The modem slave trade, involving the importation of captive Africans to the shores of the New World, began in 1517. Spaniards immigrating to the New World were allowed to import 12 Africans each. The decision to meet the growing labor demands in the new European colonies in the West Indies and South America by using slaves encouraged the fairly rapid development of the trade. Royal monopolies were granted for control of the trade and over the next 200 years, control shifted among Dutch, Portuguese, French and English trading companies and independent traders. The defeat of the Dutch and French in a series of conflicts gave English traders control of the slave trade by the early eighteenth century.
The growing English colonies in America faced a constant labor shortage, which they tried to address by using white and Native American indentured servants, who were contracted to servitude for a limited amount of time. Additionally, some Native Americans were enslaved. In 1619, a Dutch frigate brought 20 Africans to Jamestown, Virginia; they came as indenture servants. However, the use of African indentured servants ended by the 1640s. Indentured servitude proved an insufficient source of labor: there simply weren’t enough whites, blacks and Native Americans in the colonies willing to replace those whose contracts expired. Native American slavery was also a huge failure for the colonists. By the mid-17th century the English colonists had settled on importing Africans as "perpetual servants" for a number of reasons: they looked different, which made finding runaway slaves easier; they did not have long-standing tribes and nations to disappear into, as did Native Americans; and patterns of prejudice against dark-skinned people already existed, which allowed whites to justify their enslavement of another people.
By the early 18th century, most of the 13 colonies had accepted slavery and enacted a series of laws, called slave codes, to regulate and protect the slave system. These codes determined rules for conduct between the races and helped legitimate the system.
The huge influence of the Puritans on life in New England, combined with the prevalence of small scale farms (for which slavery was financially impractical), produced religious and economic pressures against the slave system in New England. However, the huge shipping industry in New England, centered in Massachusetts and Rhode Island, provided many of the ships for the 18th century slave trade. In a similar fashion, the anti-slavery beliefs of the Quakers prevented the large-scale growth of slavery in Pennsylvania. It was on the tobacco and rice plantations in the Southern states of Virginia, Maryland, the Carolinas, and after 1750, Georgia that the system had the deepest roots. Economic success in those colonies provided a strong force that resisted religious or intellectual objections to the slave system.

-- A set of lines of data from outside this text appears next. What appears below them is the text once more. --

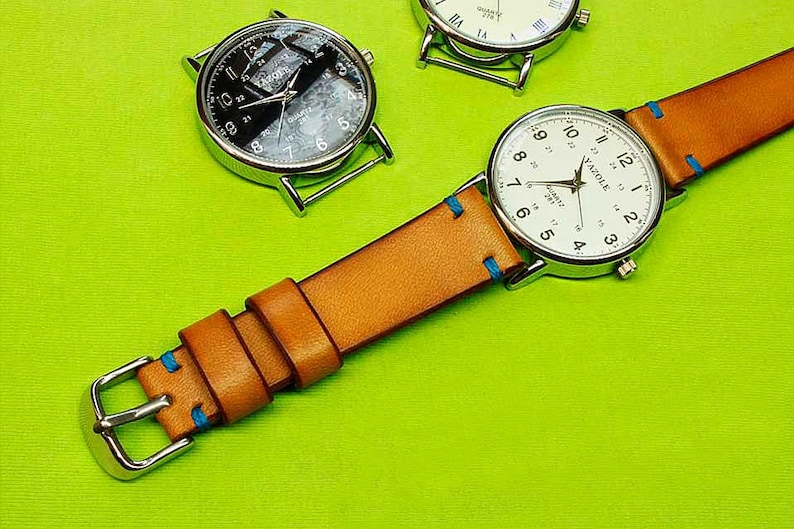 May include: A silver watch with a white face and black numbers. The watch has a brown leather band with blue stitching. The watch is on a green surface.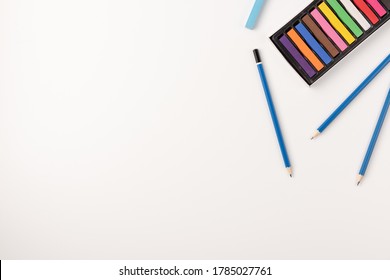 Colorful wax crayons and pencils isolated on white background. Copy space. Top view. - Powered by Shutterstock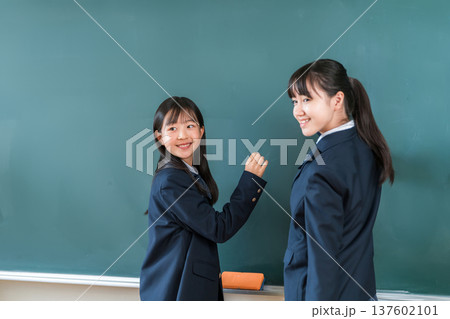 教室の黒板にチョークで文字を書く中学生の女子生徒 教室の黒板にチョークで文字を書く中学生の女子生徒 137602101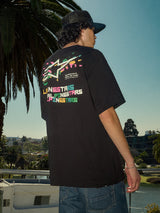 Alpinestars Wild Oversized CSF Tee, Short Sleeve T-Shirt, Black, Vibrant multi-color Astars logo on back, oversized fit, casual streetwear lifestyle shot with palm trees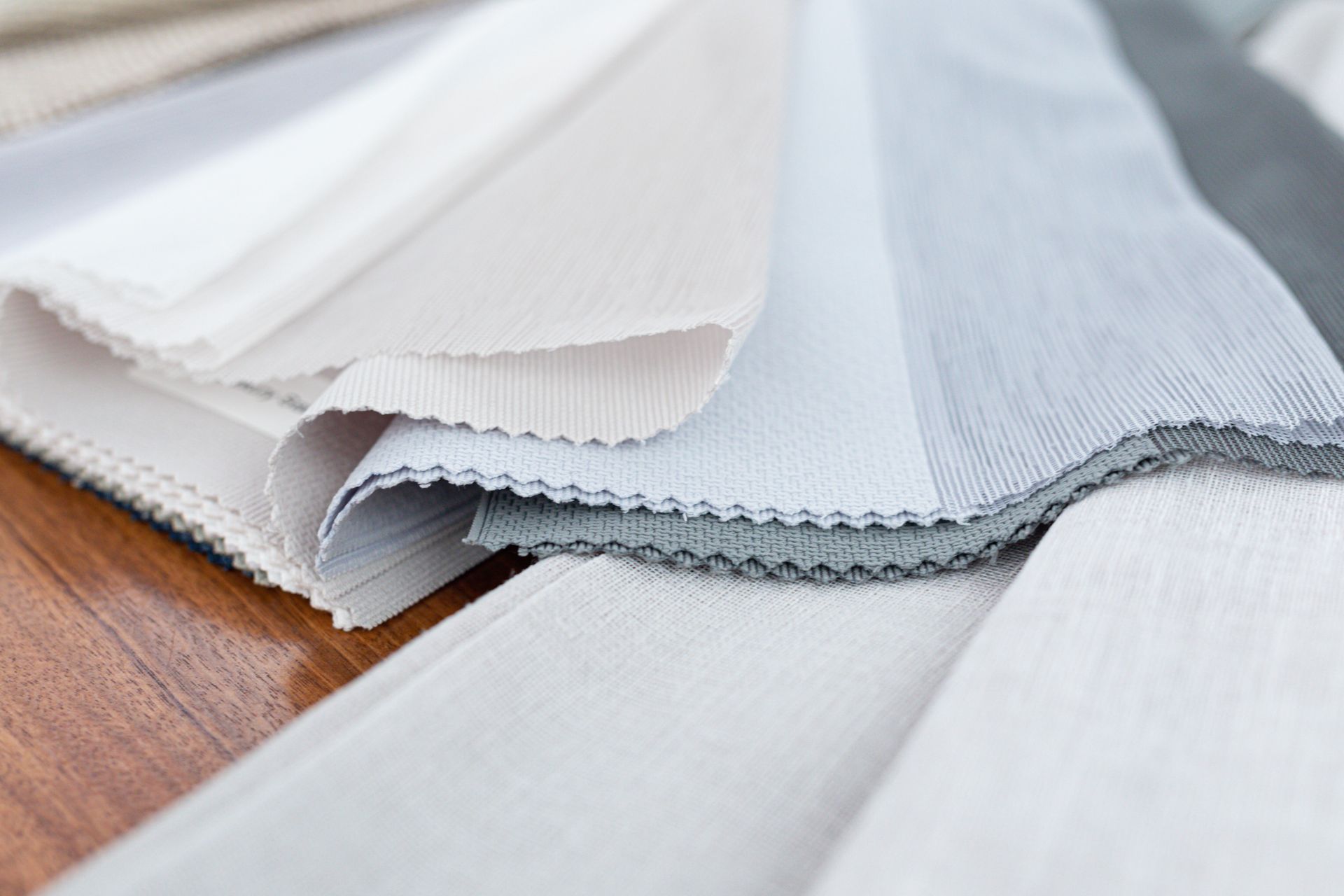 A close up of a pile of fabric on a wooden table.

By the time of the American Revolution there were almost 750,000 blacks in the 13 colonies, most of them slaves and most located in the Southern colonies.
During the War there was much debate on whether enlisting in the Continental Army meant automatic freedom for slaves. Some colonial legislatures prohibited blacks from fighting just to avoid this issue. In the fifteen-year period after the War the New England states, Pennsylvania, New York and New Jersey, abolished slavery and prohibited the slave trade. However, during the Constitutional Conventional of 1787, Congress protected slavery in the United States Constitution in three ways: by declaring that, for the purposes of taxation and representation, five blacks equaled three whites; by requiring the return of runaway slaves; and by forbidding Congress to debate the abolition of the slave trade for 20 years. Slavery was not abolished in the United States until 1863, when Abraham Lincoln issued the Emancipation Proclamation, freeing all the slaves in the Confederacy.